Originally Posted by

**nehme007** Well, L = pi/2. Use the right L, and you should be on the right track.

The function is neither even nor odd. But the function isn't even defined from -pi/2 to 0 so it wasn't capable of being even or odd in the first place. What we can do is extend f so that it is defined from -pi/2 to 0 in a manner such that the extended function is even. That is, define f_1(x) such that f_1(x) = f(x) for 0 < x < pi/2 and f_1(-x) = f(x) for -pi/2 < x < 0. So f_1 is even and f_1 agrees exactly with f over the interval of interest (0 < x < pi/2). Now compute the Fourier series coefficients for f_1. Since f_1 is even, its Fourier series expansion only contains cosine terms. The integral you have written for a_n will give you those coefficients, provided you use the correct L. The Fourier series for f_1 is what you are calling the half range cosine series.

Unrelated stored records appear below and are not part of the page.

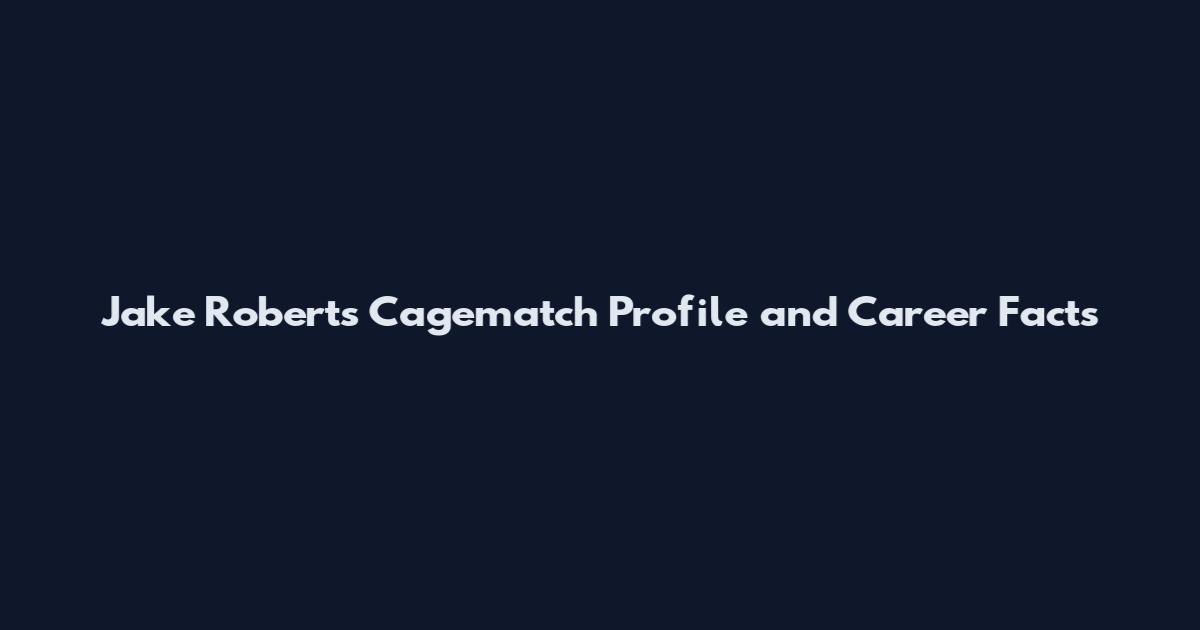 Jake Roberts Cagematch Profile and Career Facts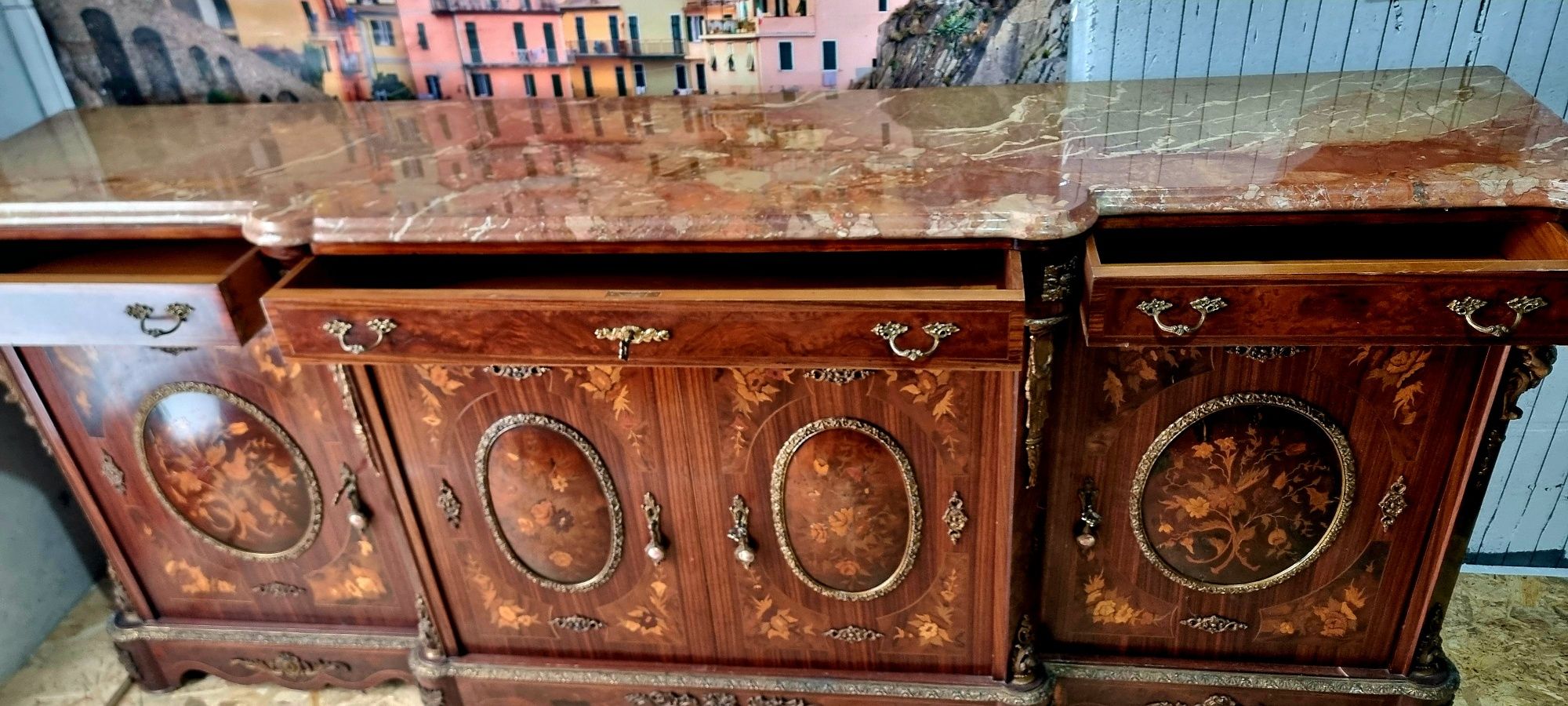 Comoda Mare Servanta Bronz Portelan Marmura Lemn Masiv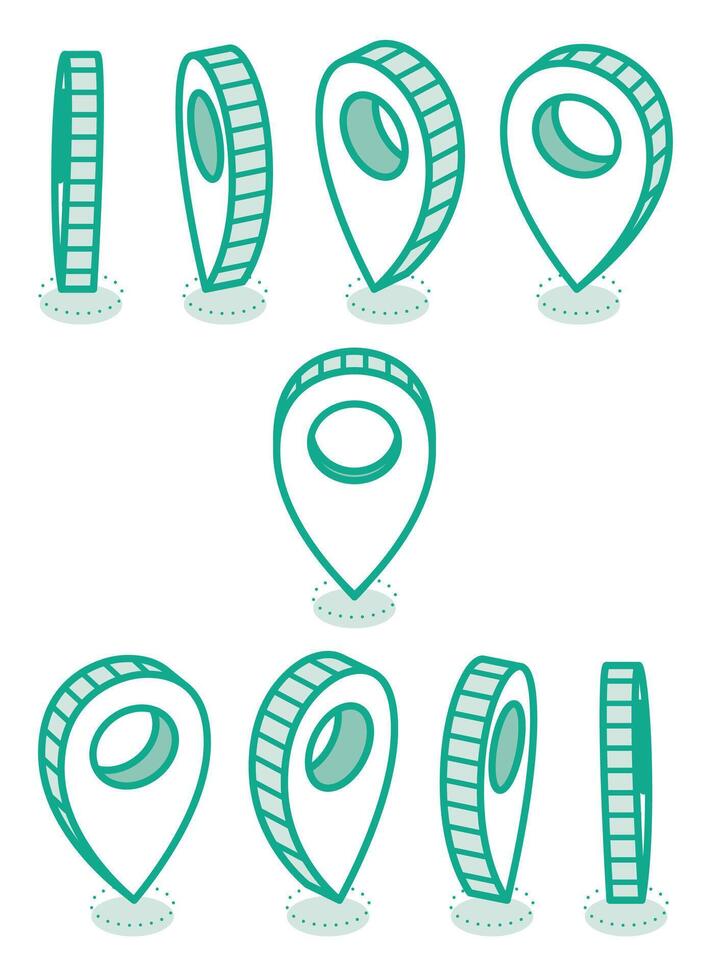 Isometric map pointers. Set in various angles. Map pointer 3d pin. Location symbols. Outline objects. vector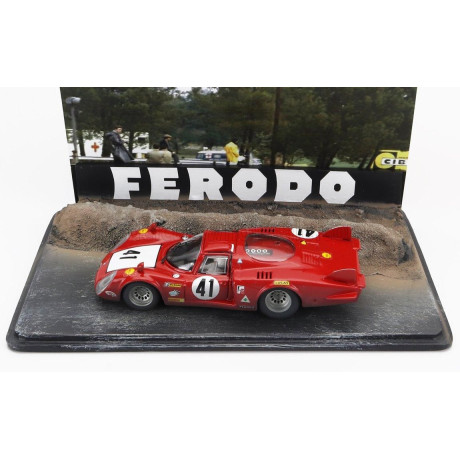 BEST MODEL ALFA ROMEO DIORAMA - 33/2 LONG TAIL TEAM AUTODELTA N 41 24h LE MANS 1968 NINO VACCARELLA - RED WHITE 1/43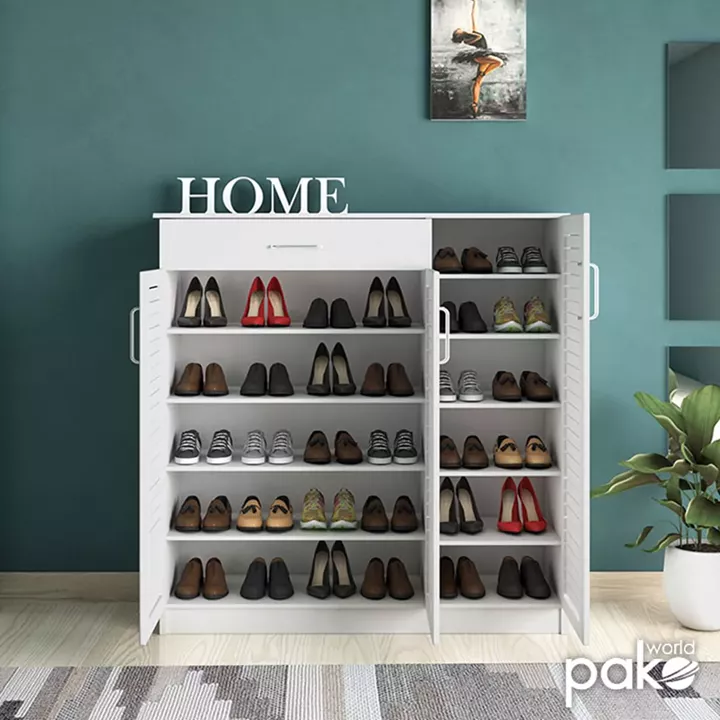 Shoe cabinet Sante pakoworld 30 pairs white 120x37x123cm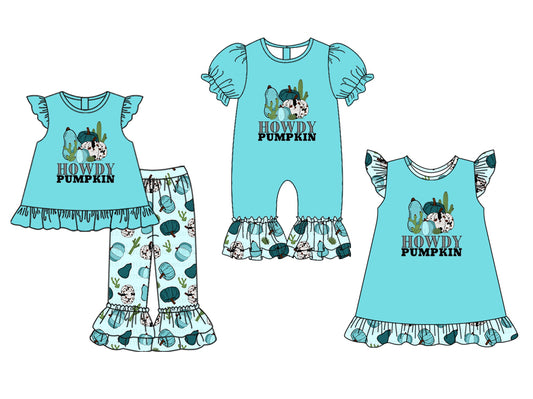 25.5.19 custom each style moq 5eta 4-6week Sibling Sisters HOWDY pumpkin baby girl short sleeve pants sets and dress and rompers match family design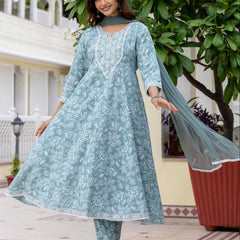EthniFlair Floral Printed Anarkali Kurta with Trousers & Dupatta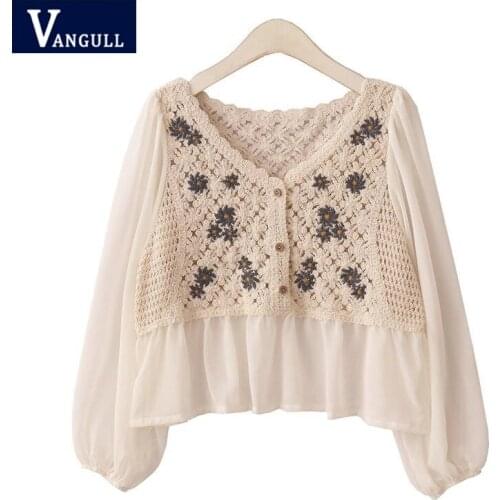Vangull Flower Embroidery Chiffon Shirt Women Summer 2021 New V-neck Hollow Out Loose Vintage Short Shirts Fashion Female Tops
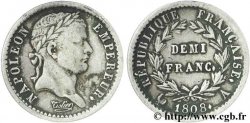 Demi-franc Napoléon Ier tête laurée, République française 1808 Paris F./
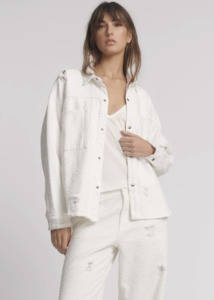 ONE TEASPOON Textured Daria Denim Shacket - White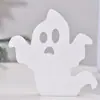 Decoración de Halloween, creativa, linda bandeja fantasma en capas, decoración de escritorio fantasma, adornos de madera para festivales fantasmas.
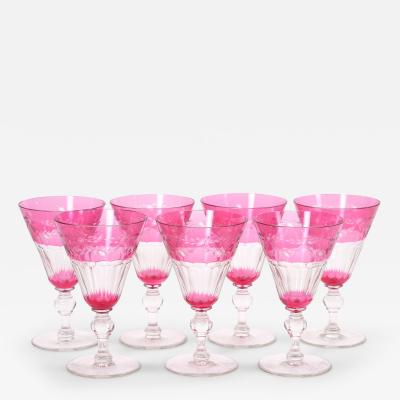 Val Saint Lambert Ruby Cut Crystal Champagne Coupe Service 7 People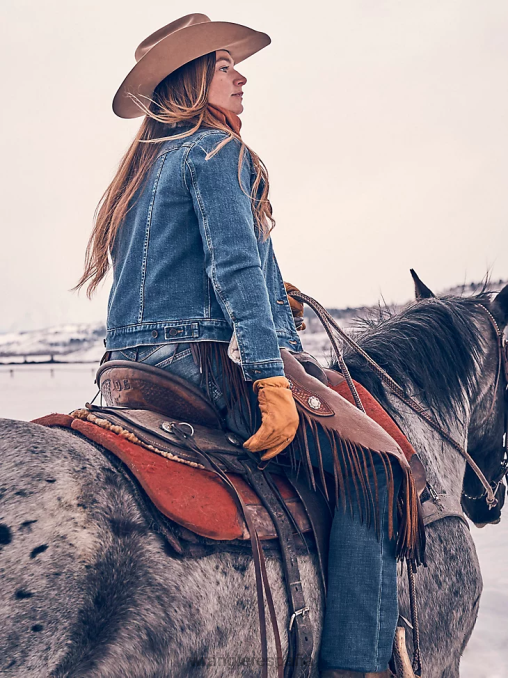 Wrangler ropa mezclilla (lwj320d) mujer chaqueta estilo western retro con forro de sherpa BDR0J869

Of course, you could also extend f to make it an odd function. That is, you could define f_2(x) = f(x) for 0 < x < pi/2, and f_2(-x) = -f(x) for -pi/2 < x < 0. The Fourier series for f_2 contains only sine terms and is what you are calling the half range sine series. (Most texts omit the "half range" part and just call these the Fourier Sine Series and Fourier Cosine Series).

And, it's worth noting that you can do this with any function that's defined only for 0 < x < L, that is, defined only for positive x. The function doesn't have to exhibit any sort of symmetry and only has to be reasonably well behaved (whatever the requirements are for a function to have a Fourier series expansion, I forget what exactly). You can extend the function to be either even or odd, and create a both a cosine and a sine series.